Entries shown Block Start

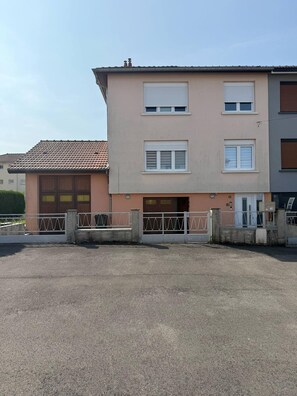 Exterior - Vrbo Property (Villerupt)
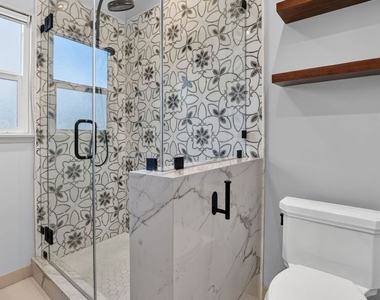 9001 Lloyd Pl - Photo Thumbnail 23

Entries shown Block End
Entries shown Block Start

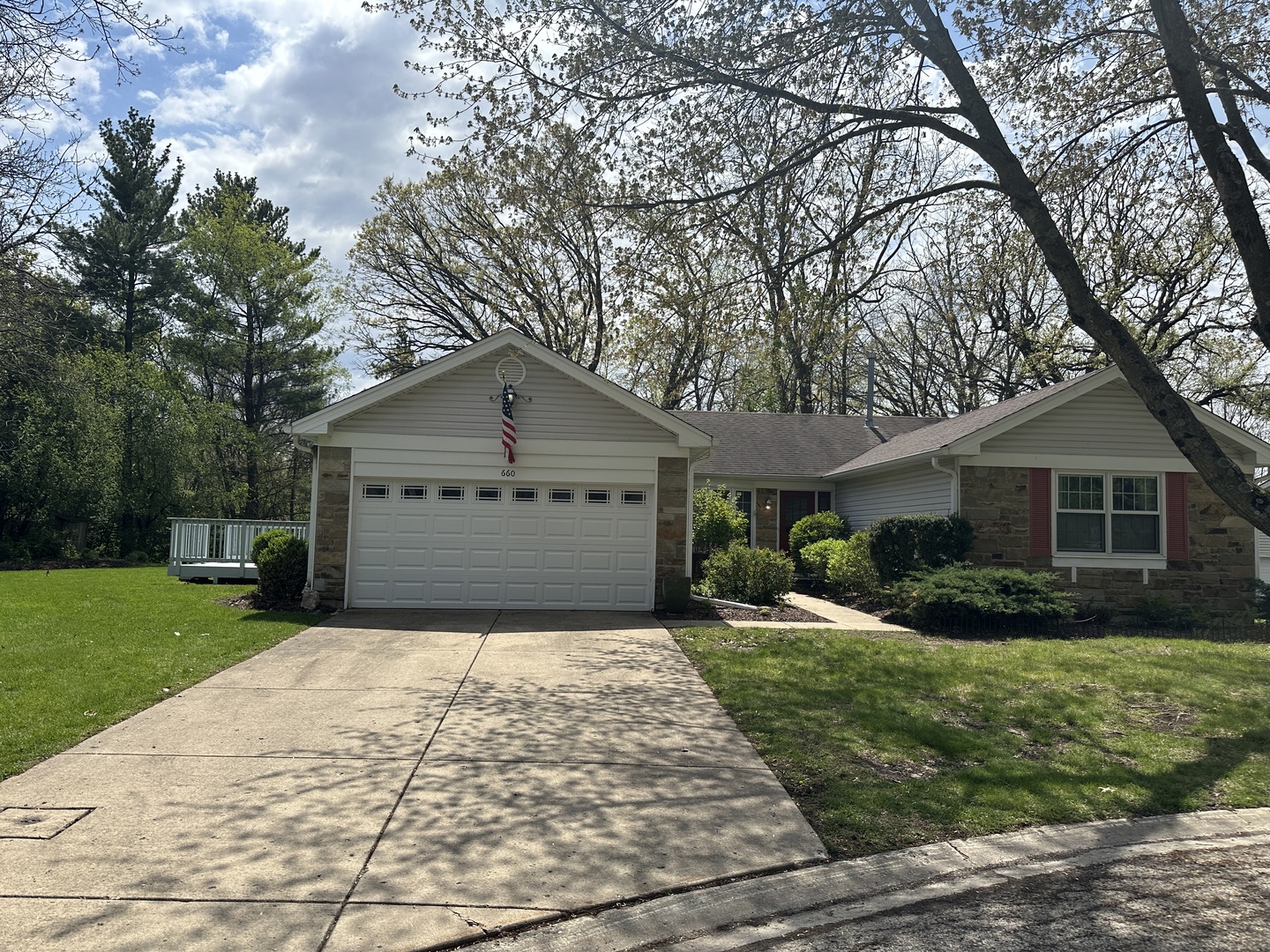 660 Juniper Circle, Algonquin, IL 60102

Entries shown Block End
Entries shown Block Start

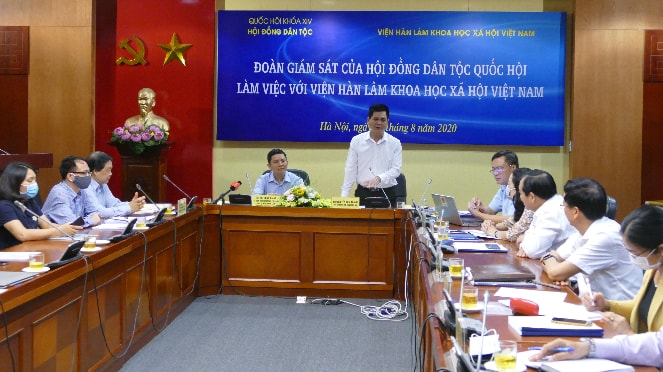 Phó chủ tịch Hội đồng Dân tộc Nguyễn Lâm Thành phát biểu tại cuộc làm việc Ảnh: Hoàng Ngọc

Entries shown Block End

Go down the entries above from the line containing "Exterior - Vrbo Property (Villerupt)" to the line containing "9001 Lloyd Pl - Photo Thumbnail 23" and write out each line exactly, leaving pictures out.

 Exterior - Vrbo Property (Villerupt)
 9001 Lloyd Pl - Photo Thumbnail 23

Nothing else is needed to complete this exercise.